Another forecasting method used by Colorado State is to analyze past years that have weather conditions most similar to those of the present year. Then it’s an easy task to see how many hurricanes arose in those similar past years.
Five years correspond closely with conditions in 2019; they are 1969, 1987, 1991, 2002 and 2009.
The year 1969 is a bad match; that year saw no fewer than five major hurricanes develop.
We will see later in the story that that troublesome 1969 season will figure strongly in Accuweather’s hurricane forecast for 2019.
But the other four years had below average activity. 1987 had only one major hurricane; the other years had two each.
Colorado State says its models for prediction become more accurate as the hurricane season gets closer. The university’s next hurricane prediction will be released June 4. Unfortunately, this issue of Lagniappe will be at the press on that day.

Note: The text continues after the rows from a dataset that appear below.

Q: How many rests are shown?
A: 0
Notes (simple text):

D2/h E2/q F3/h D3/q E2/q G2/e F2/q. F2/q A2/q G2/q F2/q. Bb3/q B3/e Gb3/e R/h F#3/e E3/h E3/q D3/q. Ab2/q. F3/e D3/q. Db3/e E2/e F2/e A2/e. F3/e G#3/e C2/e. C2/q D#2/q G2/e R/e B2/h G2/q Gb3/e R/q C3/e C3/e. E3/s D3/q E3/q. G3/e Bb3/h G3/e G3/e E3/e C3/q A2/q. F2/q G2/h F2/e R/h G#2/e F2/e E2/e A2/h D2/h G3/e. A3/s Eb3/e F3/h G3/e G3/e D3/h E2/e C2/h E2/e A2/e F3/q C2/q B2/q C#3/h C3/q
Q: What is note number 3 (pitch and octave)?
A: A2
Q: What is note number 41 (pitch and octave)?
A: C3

But you can easily find a summary of the June 4 prediction by going to tropical.colostate.edu and clicking the June 4 Forecast of 2019 Atlantic Seasonal Hurricane Activity at the top of the page. Page 2 of the report that you’ll get will include a simple, easy-to-read table that shows the number of hurricanes and major hurricanes being predicted. Drastic changes in Colorado State’s forecasts are very rare.
Slightly Differing Forecasts
Colorado State researchers are not the only ones who forecast hurricanes. Although no one outside of Colorado wanted to do long-term forecasts in the 1980s, when scientists claimed the process was hokum, today there’s a sizable crowd of long-term hurricane forecasters around the world.

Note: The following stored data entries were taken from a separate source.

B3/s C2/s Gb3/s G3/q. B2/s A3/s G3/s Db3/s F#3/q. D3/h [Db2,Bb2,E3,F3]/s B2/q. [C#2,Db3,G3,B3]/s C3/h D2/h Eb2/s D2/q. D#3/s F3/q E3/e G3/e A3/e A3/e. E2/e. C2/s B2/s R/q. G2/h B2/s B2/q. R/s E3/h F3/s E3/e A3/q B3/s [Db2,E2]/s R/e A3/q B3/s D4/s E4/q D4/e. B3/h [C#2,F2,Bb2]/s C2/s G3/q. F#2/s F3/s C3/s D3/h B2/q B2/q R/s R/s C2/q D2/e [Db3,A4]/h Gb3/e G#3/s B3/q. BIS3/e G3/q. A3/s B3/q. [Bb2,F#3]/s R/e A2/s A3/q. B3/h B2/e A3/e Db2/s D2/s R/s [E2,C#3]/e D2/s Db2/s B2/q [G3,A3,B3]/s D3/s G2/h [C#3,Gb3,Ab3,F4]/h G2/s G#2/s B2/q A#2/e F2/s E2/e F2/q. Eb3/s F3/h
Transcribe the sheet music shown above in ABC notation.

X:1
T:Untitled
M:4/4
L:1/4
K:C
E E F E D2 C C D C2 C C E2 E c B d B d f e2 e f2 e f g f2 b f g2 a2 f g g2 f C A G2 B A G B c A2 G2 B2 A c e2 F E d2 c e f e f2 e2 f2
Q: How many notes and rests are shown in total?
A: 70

Last year, Lagniappe reported that Accuweather’s Dan Kottlowski had scooped Colorado State in the previous hurricane season. He thought he’d detected a large body of unusually warm water in the Gulf of Mexico that Colorado State had missed. He was right, and the Gulf experienced an active storm season.
This time, Kottlowski is differing from Colorado State again, though not by a remarkable degree. Instead of predicting two major hurricanes, he’s predicting a range of two to four.

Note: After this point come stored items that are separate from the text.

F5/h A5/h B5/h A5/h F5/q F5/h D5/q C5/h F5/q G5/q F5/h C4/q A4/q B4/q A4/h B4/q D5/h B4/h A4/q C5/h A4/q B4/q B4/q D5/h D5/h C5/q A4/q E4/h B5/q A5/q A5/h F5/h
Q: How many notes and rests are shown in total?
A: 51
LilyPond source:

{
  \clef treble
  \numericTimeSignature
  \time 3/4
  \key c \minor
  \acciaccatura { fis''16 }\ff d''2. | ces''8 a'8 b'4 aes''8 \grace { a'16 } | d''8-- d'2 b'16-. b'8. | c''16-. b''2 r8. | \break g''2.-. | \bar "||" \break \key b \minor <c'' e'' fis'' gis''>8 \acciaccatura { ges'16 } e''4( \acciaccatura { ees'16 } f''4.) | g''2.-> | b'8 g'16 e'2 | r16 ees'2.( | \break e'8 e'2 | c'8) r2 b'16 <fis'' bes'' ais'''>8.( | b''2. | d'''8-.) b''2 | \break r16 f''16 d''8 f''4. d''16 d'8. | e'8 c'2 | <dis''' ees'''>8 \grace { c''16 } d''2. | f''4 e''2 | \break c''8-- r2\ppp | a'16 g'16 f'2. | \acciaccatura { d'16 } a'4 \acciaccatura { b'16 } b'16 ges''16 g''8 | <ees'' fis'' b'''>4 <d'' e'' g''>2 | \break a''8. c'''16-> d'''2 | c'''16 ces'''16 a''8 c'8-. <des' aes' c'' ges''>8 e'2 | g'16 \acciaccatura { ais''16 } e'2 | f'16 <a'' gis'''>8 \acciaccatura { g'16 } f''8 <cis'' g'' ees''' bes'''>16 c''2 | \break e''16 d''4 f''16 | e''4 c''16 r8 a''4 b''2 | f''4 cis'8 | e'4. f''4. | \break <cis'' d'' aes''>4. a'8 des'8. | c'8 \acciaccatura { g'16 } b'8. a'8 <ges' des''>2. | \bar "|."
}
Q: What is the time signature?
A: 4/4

Like Colorado State, he’s noting that this year’s weather conditions are very similar to those of 1969, when Hurricane Camille slammed into the Mississippi coast, bringing winds of 175 mph — the third fastest in the country’s history. The similarity of 1969 to this year seems to make Kottlowski take a somewhat gloomy note.
This year, says Kottlowski, there’s an equal chance of a major hurricane hitting each American coast. He does not single out the Gulf shore this time around.
He’s also not taking a firm stand on whether El Niño will stay in place through the hurricane season.
NOAA (the U.S. Weather Service) has released its hurricane forecast for this year, and it is pretty closely in line with Kottlowski’s. NOAA is calling for four to eight hurricanes and a range of two to four hurricanes. NOAA calls this a “near normal” season. The agency seems to believe that El Niño will stay in place — good news for us.
The Weather Channel’s forecast for the 2019 hurricane season is a bit more pessimistic than Colorado State’s. The Weather Channel calls for a total of seven hurricanes and three major hurricanes (versus the five hurricanes and two major hurricanes predicted by Colorado state).
Of course, the fact that a hurricane (or any sort of storm) forms over the Atlantic does not mean that it will hit the U.S. coast. But the possibility is always there. This story concerns long-term forecasts that make no predictions about when or where or whether a hurricane will develop or land.
Short-term hurricane forecasts made after a tropical storm has formed and been named remain difficult. Meteorologists presently feel they can make a good prediction about landfall when a hurricane is still four days out. They are working to make this time period longer. Cities the size of Miami and Houston could certainly use more than four days’ warning if they are to evacuate.
Tools for both short- and long-term forecasts are only going to improve as the years go by. If this year’s long-term forecasts are close to accurate, there’s no need to be unduly worried. But every person in SWLA should be fully stocked on bottled water, candles, batteries and pork and beans all the same.